§ How to complete this task:
What is needed is an exact copy of the entries below, with the pictures left out.

(Collected data entries)

BEGIN

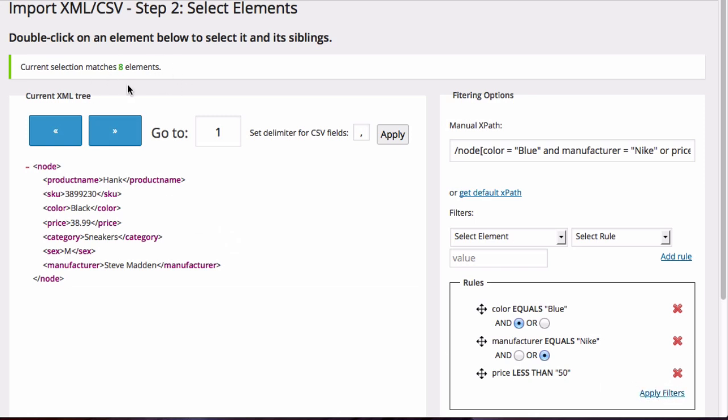Finally, if you want to remove any of these rules, just click on the red X next to the rule you want to remove, or you can click in the manual XPath field and use the delete key to manually remove the rule you want to take out.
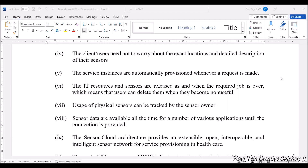The IT resources can be considered as storage, PC, or an operating system. The IT resources and sensors are released when a required job is over — that means once the instances are used and the request is finished, the instances are no more useful and can be deleted.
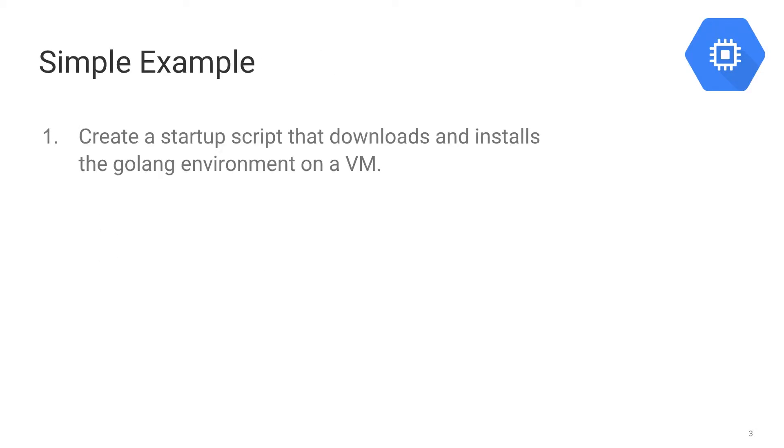So in today's example, we're just going to create a simple virtual machine that takes in a Startup Script and the job of that Startup Script is to be able to go ahead and download and install Go within our VM.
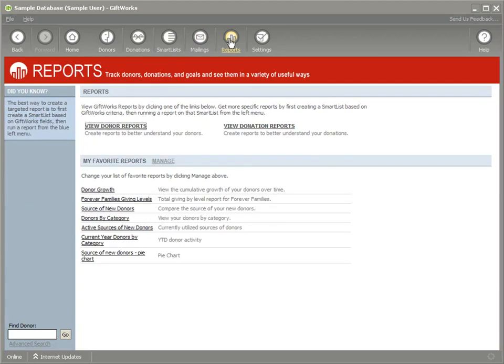And those types of custom fields, not only the types, but also the increased number of custom fields that we're providing you in GiftWorks 2011, we hope can be beneficial to you and your organization.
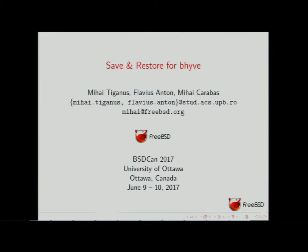Hello everybody. My name is Mihai Karabas and today I will present the Save and Restore feature for Beehive — basically saving a virtual machine state to disk and then restoring it at a point in time. This work was done with my master's students Mihai Tsignosh and Slavis Anton.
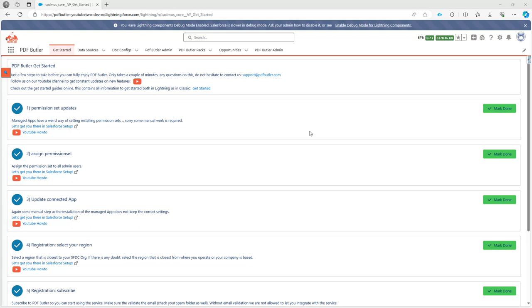In certain cases, the PDFButter customer success team will ask you to update the PDFButter app, the SignButter app, or any of the other apps that we have.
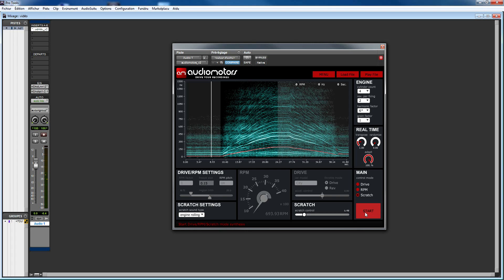Note that Audiomotors is a great tool for real engine reproduction, but you can also use it in a more creative way by combining several instances of the plugin and use them with pitched synthetic textures. Audiomotors can help you design groundbreaking futuristic motor sounds.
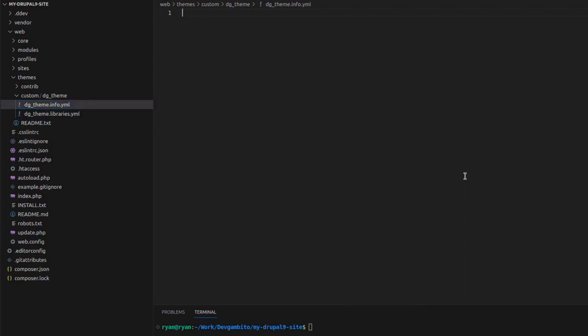Now in the info.yaml file, we add the information we need. First, we add the name. Then set the type as theme. Then we add description.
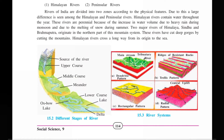The Himalayan rivers flow throughout the year. These are called perennial rivers because of the intense water volume due to heavy rain during the monsoon and due to the melting of snow during the summer. This river is called a perennial river because water continues to flow due to both heavy rainfall and snowmelt.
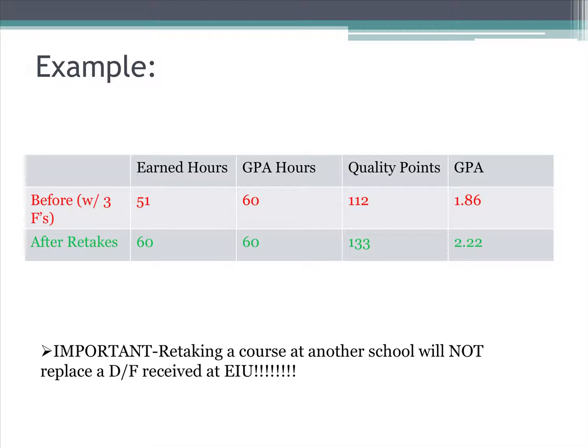The first row in red shows the GPA before retaking the classes, and the second row in green shows the GPA after retaking the classes. After these replacement grades, the student has increased their earned hours from 51 to 60, and quality points from 112 to 133. GPA hours will stay the same. With these replacement grades in the three courses, the student has increased their GPA by .38 — from a 1.86 to a 2.22. That's the difference between academic probation and good academic standing.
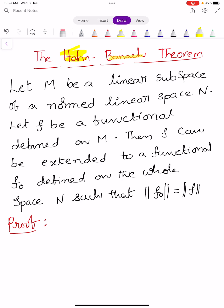Hahn-Banach Theorem: Let capital M be a linear subspace of a normed linear space capital N. And let F be a functional defined on capital M. Then F can be extended to a functional F0 defined on the whole space capital N, satisfying the condition norm F0 equals norm F. To prove the Hahn-Banach Theorem, the previous lemma from video number 12 is very useful.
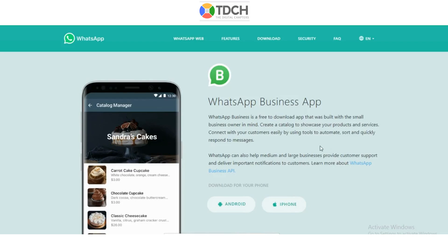Hello friends, this is Santos on your favorite channel TDCH, thedigitalchapters.com. Today we will discuss WhatsApp Business — an application that is very useful for local businesses where you can automate messages and communicate with your customers in real time. So what is WhatsApp Business?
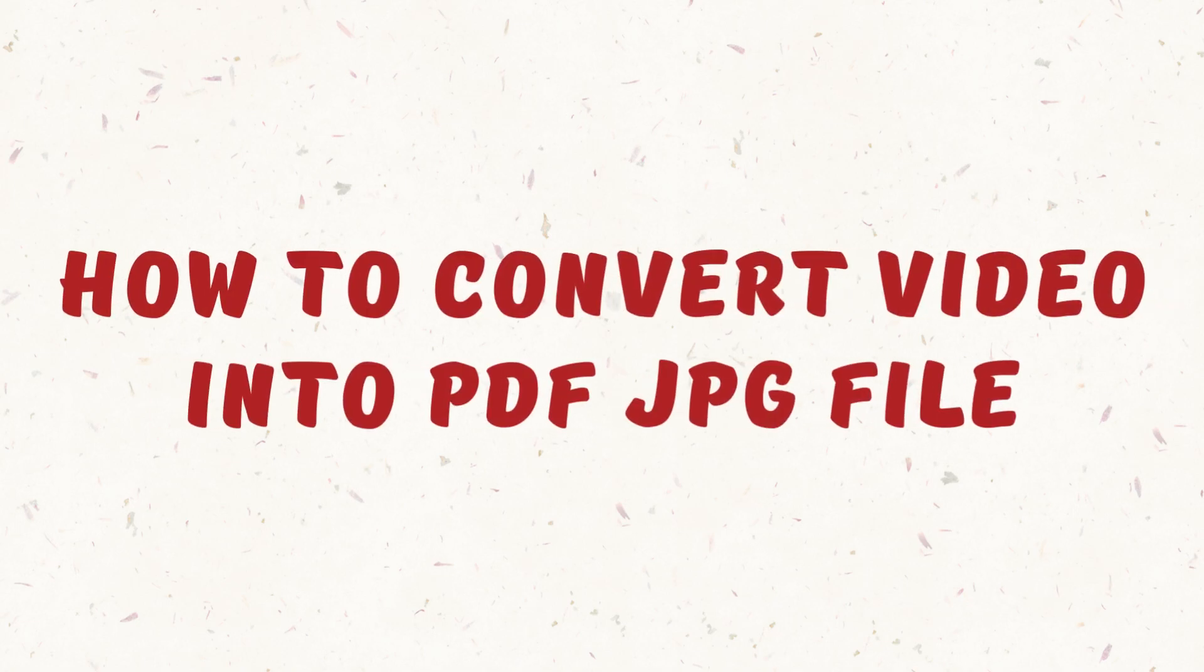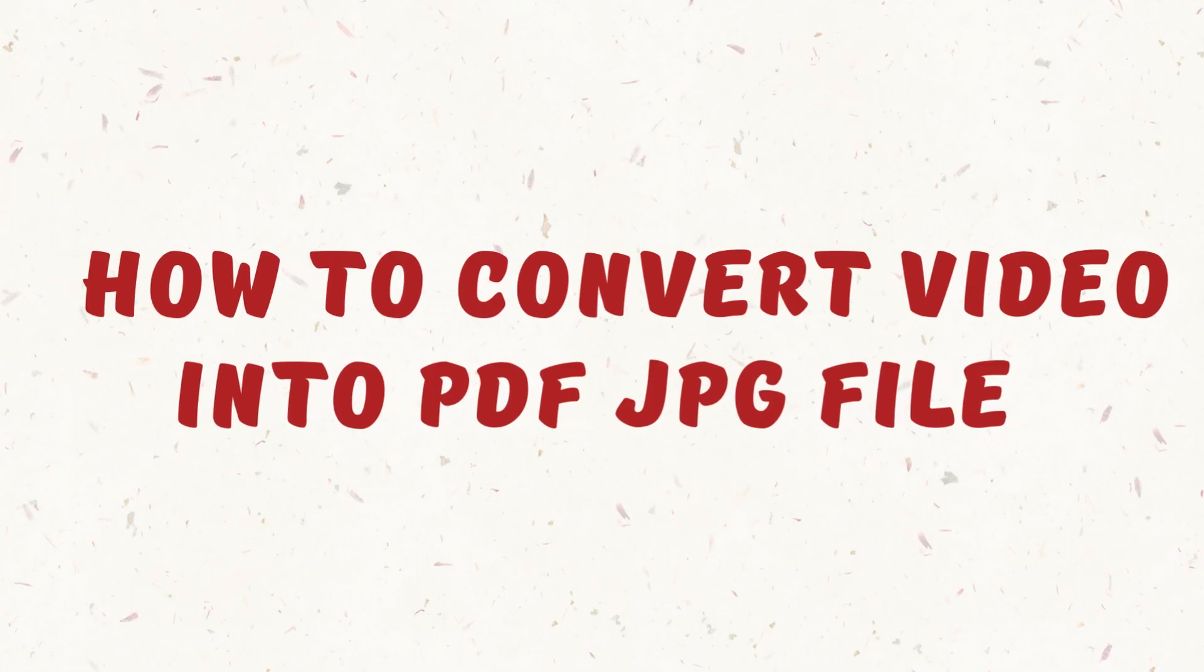How to convert video into PDF JPG file. Hi everyone, it's Sophia to assist you today. Without any delay, let's jump right in.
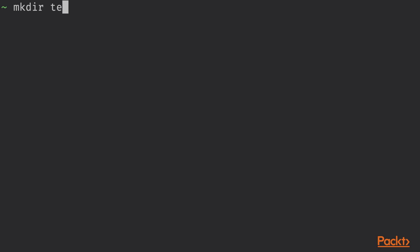Currently, my prompt is indicating which directory I'm working on. This character stands for my user's home directory. If I create a directory and change into it, you can see that my prompt is now indicating that my working directory is test.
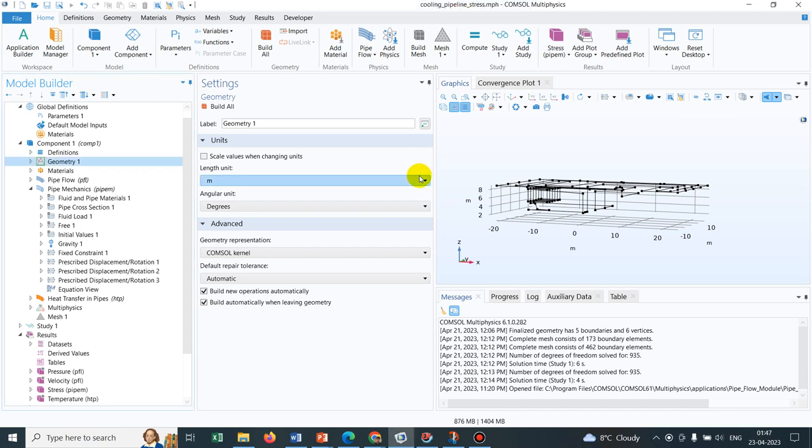Hello friends, welcome to Pioneer of Success. We are adding another video in the miscellaneous series. This is the follow-up video on pipe flow module. We have already uploaded a video on pipe flow. I'll be putting the link in the description section for your use.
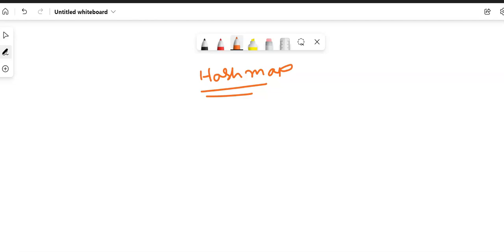Hello friends, this is Devupal, welcome back to my YouTube channel. In this video, I am going to discuss about one of the important topics related to Korshava. Yes, the topic is connected with HashMap. This is a very important interview question, so I suggest you watch this video till the end. If you are new to my YouTube channel, just subscribe and press the bell icon.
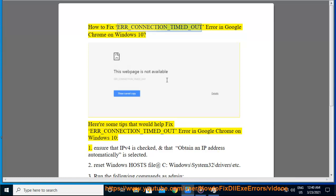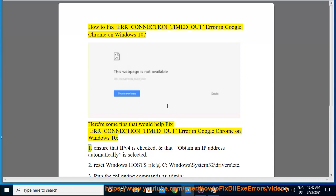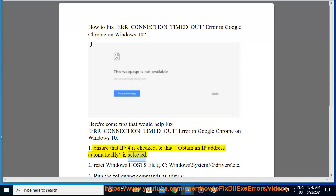How to Fix ERR_CONNECTION_TIMED_OUT Error in Google Chrome on Windows 10. Here are some tips that would help fix this error. Tip 1: Ensure that IPv4 is checked, and that 'Obtain an IP Address automatically' is selected.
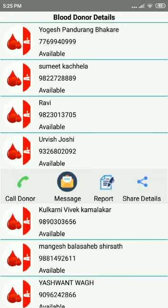You can call, message, report, or share details of the donor. Please share this video widely so that it can be of use to someone. Thank you in advance.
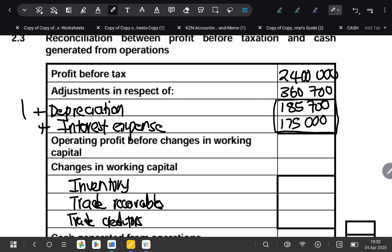So we say 2,400,000 plus 360,700, and the total we get is 2,760,700. Let's confirm: 2,400,000 plus 360,700 gives us 2,760,700 as our operating profit before changes in working capital.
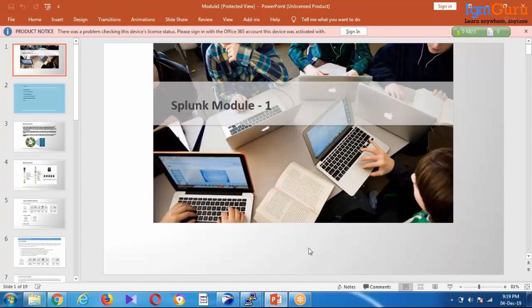I started with network, then moved to perimeter security. Before perimeter security, I was handling network switching, routing, load balancer, web application firewall, and then perimeter security across multiple vendors. From there I moved to cyber security. I have my CHFI certification and I'm handling a team, managing SOC with primary SOC responsibilities.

END

§ Your response:
Finally, if you want to remove any of these rules, just click on the red X next to the rule you want to remove, or you can click in the manual XPath field and use the delete key to manually remove the rule you want to take out.
The IT resources can be considered as storage, PC, or an operating system. The IT resources and sensors are released when a required job is over — that means once the instances are used and the request is finished, the instances are no more useful and can be deleted.
So in today's example, we're just going to create a simple virtual machine that takes in a Startup Script and the job of that Startup Script is to be able to go ahead and download and install Go within our VM.
And those types of custom fields, not only the types, but also the increased number of custom fields that we're providing you in GiftWorks 2011, we hope can be beneficial to you and your organization.
Hello everybody. My name is Mihai Karabas and today I will present the Save and Restore feature for Beehive — basically saving a virtual machine state to disk and then restoring it at a point in time. This work was done with my master's students Mihai Tsignosh and Slavis Anton.
In certain cases, the PDFButter customer success team will ask you to update the PDFButter app, the SignButter app, or any of the other apps that we have.
Note that Audiomotors is a great tool for real engine reproduction, but you can also use it in a more creative way by combining several instances of the plugin and use them with pitched synthetic textures. Audiomotors can help you design groundbreaking futuristic motor sounds.
Now in the info.yaml file, we add the information we need. First, we add the name. Then set the type as theme. Then we add description.
The Himalayan rivers flow throughout the year. These are called perennial rivers because of the intense water volume due to heavy rain during the monsoon and due to the melting of snow during the summer. This river is called a perennial river because water continues to flow due to both heavy rainfall and snowmelt.
The first row in red shows the GPA before retaking the classes, and the second row in green shows the GPA after retaking the classes. After these replacement grades, the student has increased their earned hours from 51 to 60, and quality points from 112 to 133. GPA hours will stay the same. With these replacement grades in the three courses, the student has increased their GPA by .38 — from a 1.86 to a 2.22. That's the difference between academic probation and good academic standing.
Hahn-Banach Theorem: Let capital M be a linear subspace of a normed linear space capital N. And let F be a functional defined on capital M. Then F can be extended to a functional F0 defined on the whole space capital N, satisfying the condition norm F0 equals norm F. To prove the Hahn-Banach Theorem, the previous lemma from video number 12 is very useful.
Hello friends, this is Santos on your favorite channel TDCH, thedigitalchapters.com. Today we will discuss WhatsApp Business — an application that is very useful for local businesses where you can automate messages and communicate with your customers in real time. So what is WhatsApp Business?
How to convert video into PDF JPG file. Hi everyone, it's Sophia to assist you today. Without any delay, let's jump right in.
Currently, my prompt is indicating which directory I'm working on. This character stands for my user's home directory. If I create a directory and change into it, you can see that my prompt is now indicating that my working directory is test.
Hello friends, welcome to Pioneer of Success. We are adding another video in the miscellaneous series. This is the follow-up video on pipe flow module. We have already uploaded a video on pipe flow. I'll be putting the link in the description section for your use.
Hello friends, this is Devupal, welcome back to my YouTube channel. In this video, I am going to discuss about one of the important topics related to Korshava. Yes, the topic is connected with HashMap. This is a very important interview question, so I suggest you watch this video till the end. If you are new to my YouTube channel, just subscribe and press the bell icon.
How to Fix ERR_CONNECTION_TIMED_OUT Error in Google Chrome on Windows 10. Here are some tips that would help fix this error. Tip 1: Ensure that IPv4 is checked, and that 'Obtain an IP Address automatically' is selected.
You can call, message, report, or share details of the donor. Please share this video widely so that it can be of use to someone. Thank you in advance.
So we say 2,400,000 plus 360,700, and the total we get is 2,760,700. Let's confirm: 2,400,000 plus 360,700 gives us 2,760,700 as our operating profit before changes in working capital.
I started with network, then moved to perimeter security. Before perimeter security, I was handling network switching, routing, load balancer, web application firewall, and then perimeter security across multiple vendors. From there I moved to cyber security. I have my CHFI certification and I'm handling a team, managing SOC with primary SOC responsibilities.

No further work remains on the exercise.